Kontroversi Man United vs Fulham: Eks Wasit Premier League Nilai VAR Jadi Biang Kerok

Manchester United meraih kemenangan dramatis 3-2 atas Fulham dalam lanjutan Premier League di Old Trafford, Minggu (1/2/2026). Laga ini tidak hanya menghadirkan lima gol dan tensi tinggi hingga menit akhir, tetapi juga diwarnai sejumlah keputusan kontroversial Video Assistant Referee (VAR) yang memicu perdebatan luas.

Nama Benjamin Šeško menjadi sorotan publik Old Trafford setelah mencetak gol penentu kemenangan di masa injury time. Gol telat tersebut memastikan Setan Merah mengamankan tiga poin penting sekaligus memperpanjang tren pertandingan penuh drama yang belakangan lekat dengan Manchester United.

Dalam beberapa bulan terakhir, United kerap disebut sebagai “penghibur utama” Premier League. Hampir setiap laga menyajikan gol, kejutan, dan kontroversi. Menariknya, tiga gol ke gawang Fulham membuat United telah melampaui total gol mereka sepanjang musim 2024/2025 lalu.

Kontroversi Man United vs Fulham

Namun, sorotan utama pertandingan ini tak semata tertuju pada papan skor. Kepemimpinan wasit John Brooks dan intervensi VAR menjadi bahan perbincangan hangat, terutama terkait tiga insiden penalti krusial serta satu gol Fulham yang dianulir.

Fulham sempat unggul lebih dulu melalui eksekusi penalti setelah Harry Maguire dinilai melakukan pelanggaran di dalam kotak terlarang. Sebaliknya, Manchester United merasa dirugikan lantaran dua klaim penalti mereka dibatalkan usai tinjauan VAR.
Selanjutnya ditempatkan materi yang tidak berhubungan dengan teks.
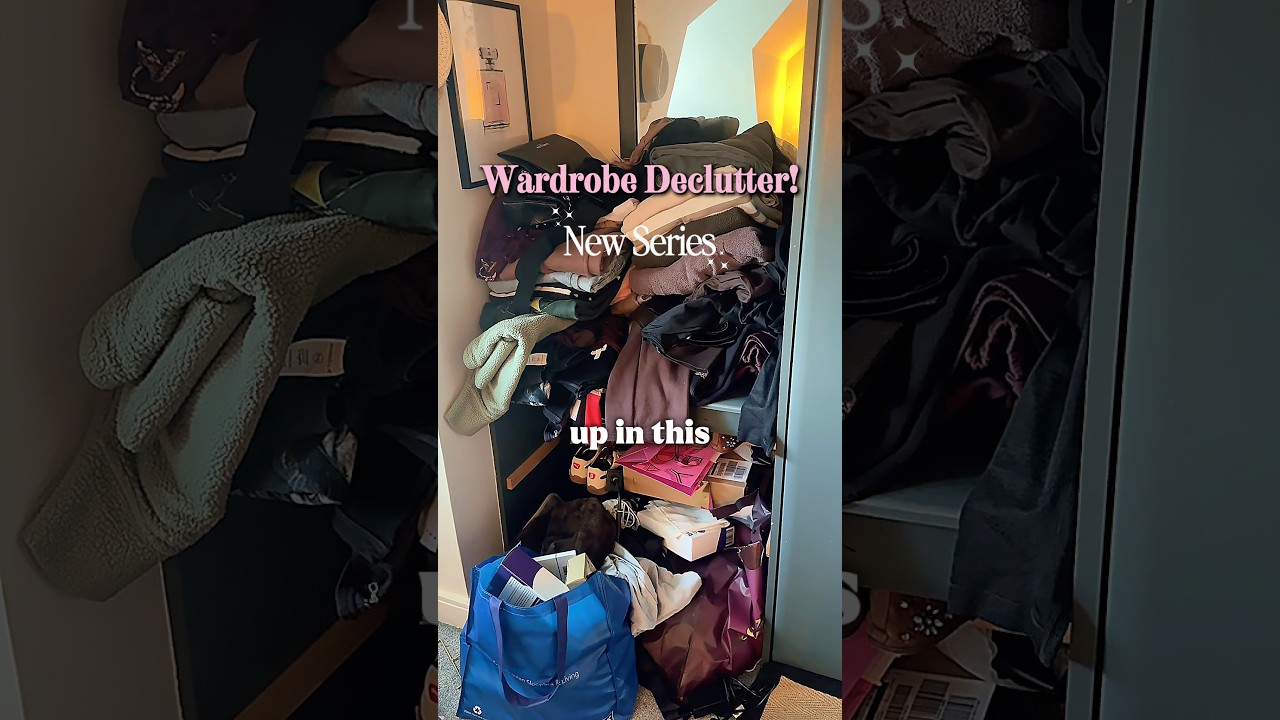 Wardrobe decluttered! I&rsquo;ll be doing a series where I shop from my own closet! Follow along 🥰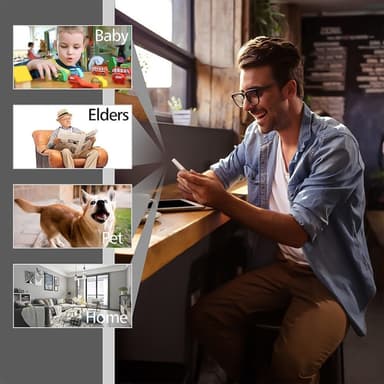 1080P HD langaton WiFi-kamera Mini Piilokamera Painikesuunnittelu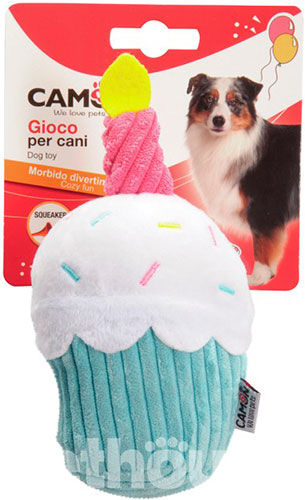Camon Happy Birthday Игрушка "Cupcake" с пищалкой для собак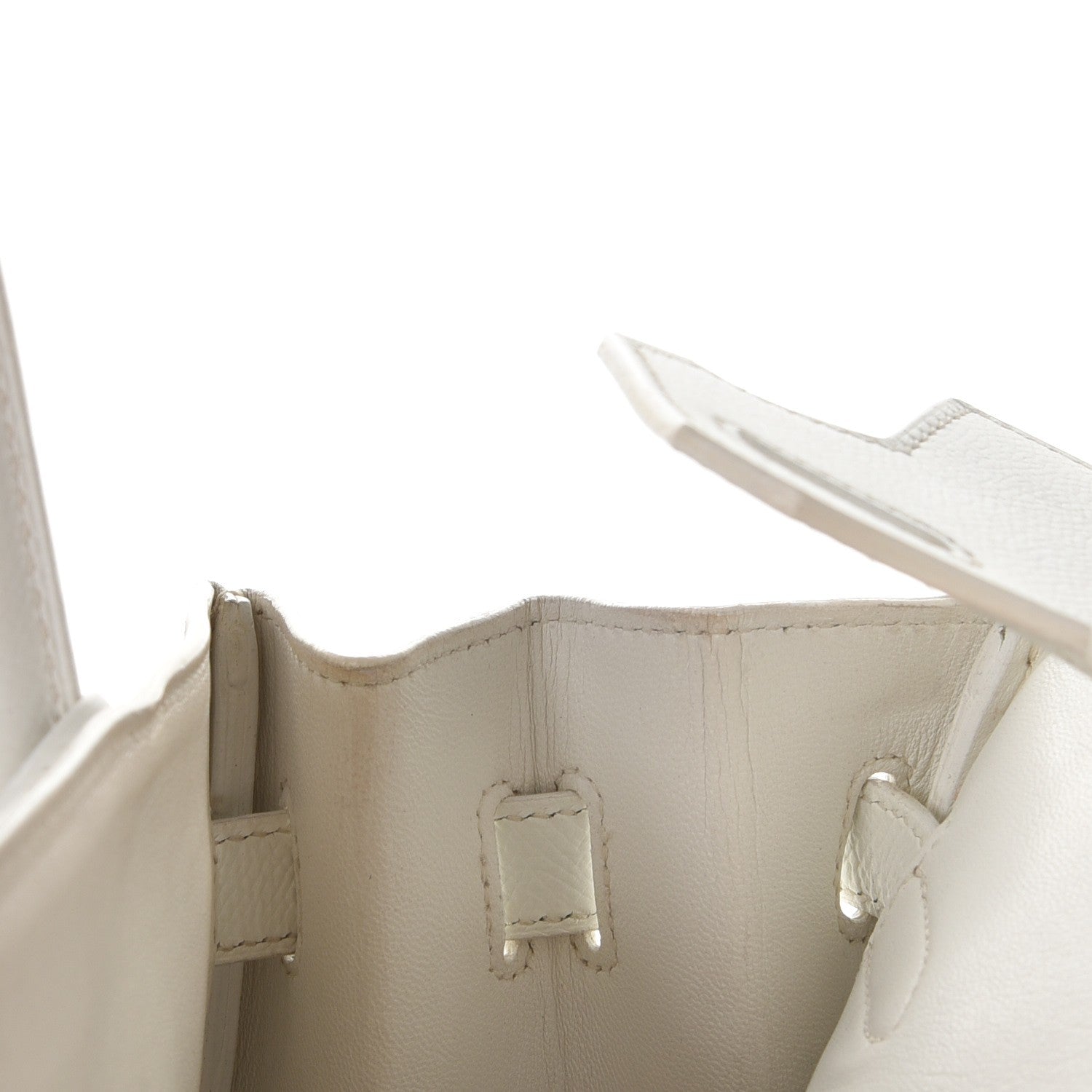 Hermes Epsom Birkin 30 White 13 of 36
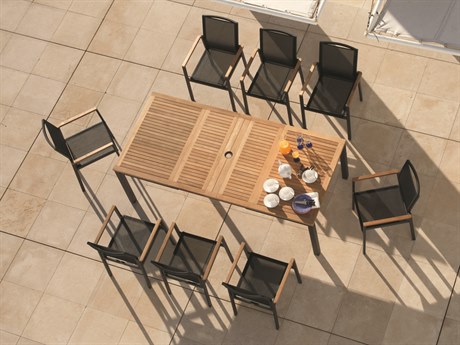 Barlow Tyrie Aura Aluminum Dining Set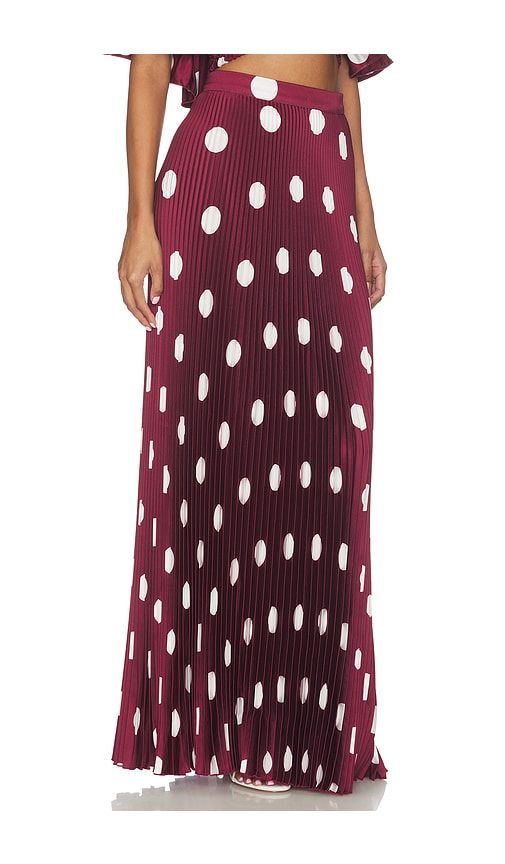 Gala Skirt in Wine. - size 10/M (also in 6/XS, 8/S) - L'IDEE - Modalova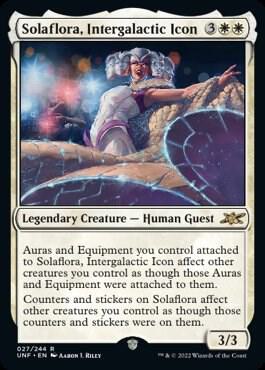 Solaflora, Intergalactic Icon card from Unfinity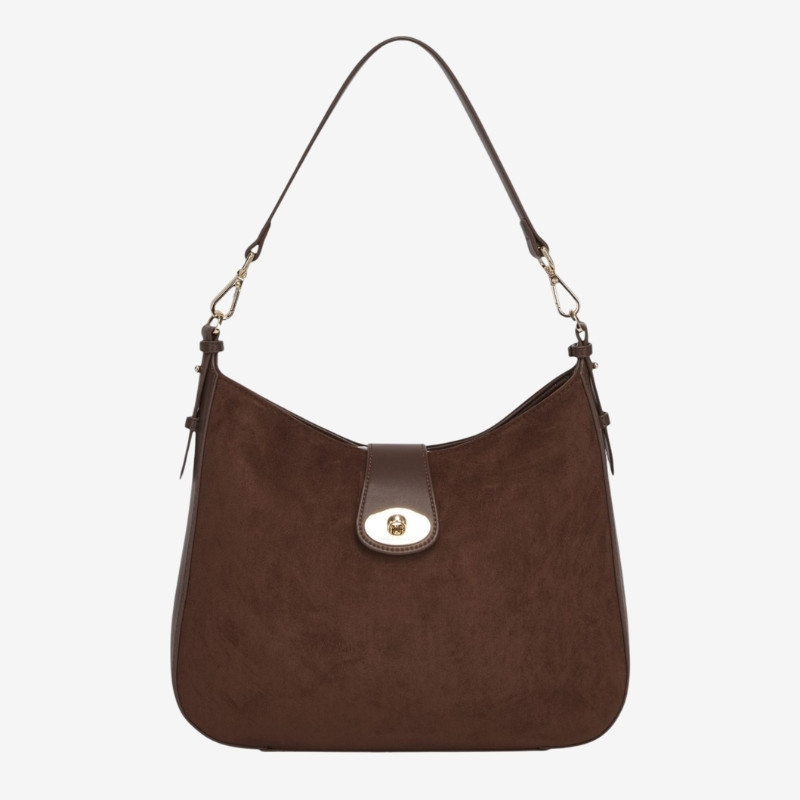 Mac Douglas - Sac porté épaule suédine Guyenne STOCKHOLM chocolat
Kontroversi pertama terjadi di babak pertama saat Bryan Mbeumo terjatuh di area penalti Fulham. Wasit John Brooks memilih melanjutkan permainan, dan keputusan tersebut dikuatkan oleh VAR. Keputusan ini menuai kritik, termasuk dari legenda Manchester United, Rio Ferdinand.

“Bagaimana itu bukan penalti?” tulis Ferdinand melalui media sosial X, mempertanyakan klaim bahwa bek Fulham hanya mengenai bola.

Opini Clattenburg

Mantan wasit Premier League, Mark Clattenburg, justru mendukung keputusan wasit dan VAR dalam insiden tersebut. Menurutnya, tidak ada kesalahan prosedur yang dilakukan.

“Dari tayangan ulang gerak lambat terlihat jelas Jorge Cuenca menyentuh bola terlebih dahulu sebelum terjadi kontak lanjutan. Berdasarkan itu, keputusan wasit dan VAR untuk melanjutkan permainan sudah tepat,” ujar Clattenburg.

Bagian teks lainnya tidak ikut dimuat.